DWF enables organizations to connect critical design information into product, project, and asset workflows without compromising the accuracy, security, and intent of the original design idea. The Autodesk DWF Viewer is our free application for sharing, viewing, and printing complex 2D and 3D drawings, maps, and models. Today DWF plays a role in all of our design products, as well as Lifecycle Management solutions such as Autodesk Design Review, Autodesk ProductStream (ERP integration), and Autodesk Buzzsaw (project management and collaboration). Despite the focus on keeping digital design data digital, we recognize that data captured in a DWF file will eventually make its way to paper. In this regard, DWF is an intermediate stop between an AutoCAD drawing (DWG) and plotted output.
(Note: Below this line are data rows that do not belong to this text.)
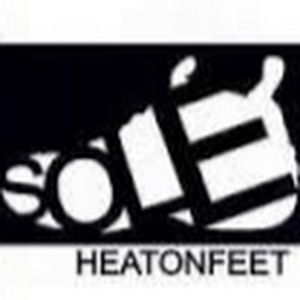 Meet your Posher, Chase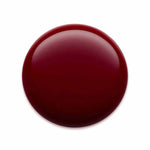 Oje 14
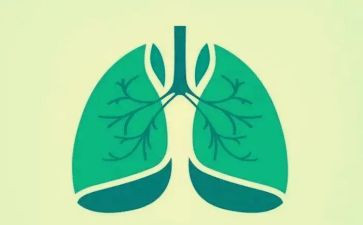 结核宣传总结8篇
The objective of printing a DWF file from the free Autodesk DWF Viewer (or Autodesk Design Review) is that the output should match the results of plotting directly from AutoCAD. Although ideally one could line up the sheets of printed output, hold them up the light, and observe that the inks align, in practice there are slight variations in where the ink is positioned on the paper, but the scales are the same. These small differences are artifacts of the different software components used to translate the data in the files to the ink on the paper.
DWF contains all of the essential elements necessary to get proper printed output; however, it also contains product, project, and asset data that allows it to the foundation for workflow solutions.
Although the topics of DWF publishing, viewing, and printing are fair game, this blog will highlight some of those extra elements that allow applications based on DWF to go beyond the paper.